NOTE: If you were previously using background permissions syncing, e.g. using GitHub permissions, then those permissions are used as the initial state after enabling explicit permissions. Otherwise, the initial state is for all repositories to have an empty set of authorized users, so users will not be able to view any repositories.
Setting the permissions for a repository can be accomplished with 2 GraphQL API calls.
First, obtain the ID of the repository from its name:
query {
repository(name: "github.com/owner/repo") {
id
}
}
Next, set the list of users allowed to view the repository:
mutation {
setRepositoryPermissionsForUsers(
repository: "<repo ID>",
userPermissions: [
{ bindID: "[email protected]" }
]) {
alwaysNil
}
}
Now, only the users specified in the userPermissions
parameter will be allowed to view the repository. Sourcegraph automatically enforces these permissions for all operations. (Site admins bypass all permissions checks and can always view all repositories.)
You can call setRepositoryPermissionsForUsers
repeatedly to set permissions for each repository, and whenever you want to change the list of authorized users.
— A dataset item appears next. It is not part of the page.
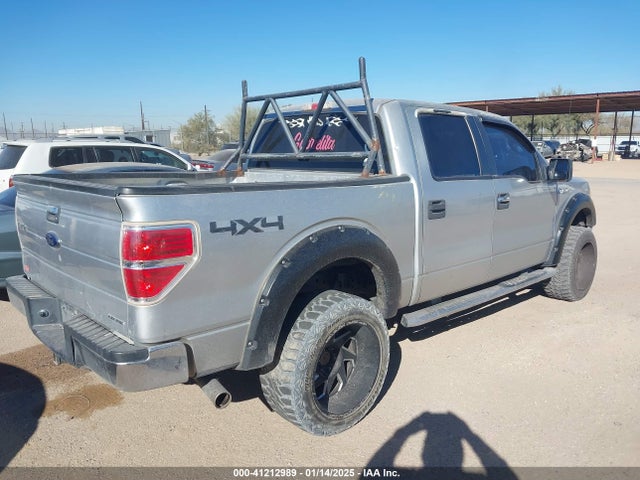 Ford F-150 Xlt 2014 1FTFW1EF0EFC94452 Image 4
You may query the set of repositories visible to a particular user with the authorizedUserRepositories
GraphQL API mutation, which accepts a username
or email
parameter to specify the user:
query {
authorizedUserRepositories(email: "[email protected]", first: 100) {
nodes {
name
}
totalCount
}
}
If the Sourcegraph instance is configured to sync repositories from multiple code hosts (regardless of whether they are the same code host, e.g. GitHub + GitHub
or GitHub + GitLab
), Sourcegraph will enforce access to repositories from each code host with authorization enabled, so long as:
- users log in to Sourcegraph at least once from each code host's authentication provider
- users have the same primary email in Sourcegraph (under "User settings" > "Emails") as the code host at the time of the initial log in via that code host
To attach a user's Sourcegraph account to all relevant code host accounts, a specific sign-in flow needs to be utilized when users are creating an account and signing into Sourcegraph for the first time.
- Sign in to Sourcegraph using the one of the code host's authentication provider
- Once signed in, sign out and return to the sign in page
- On the sign in page, sign in again using the next code host's authentication provider
- Once repeated across all relevant code hosts, users should now have access to repositories on all code hosts and have all repository permissions enforced.
NOTE: These steps are not required at every sign in - only during the initial account creation.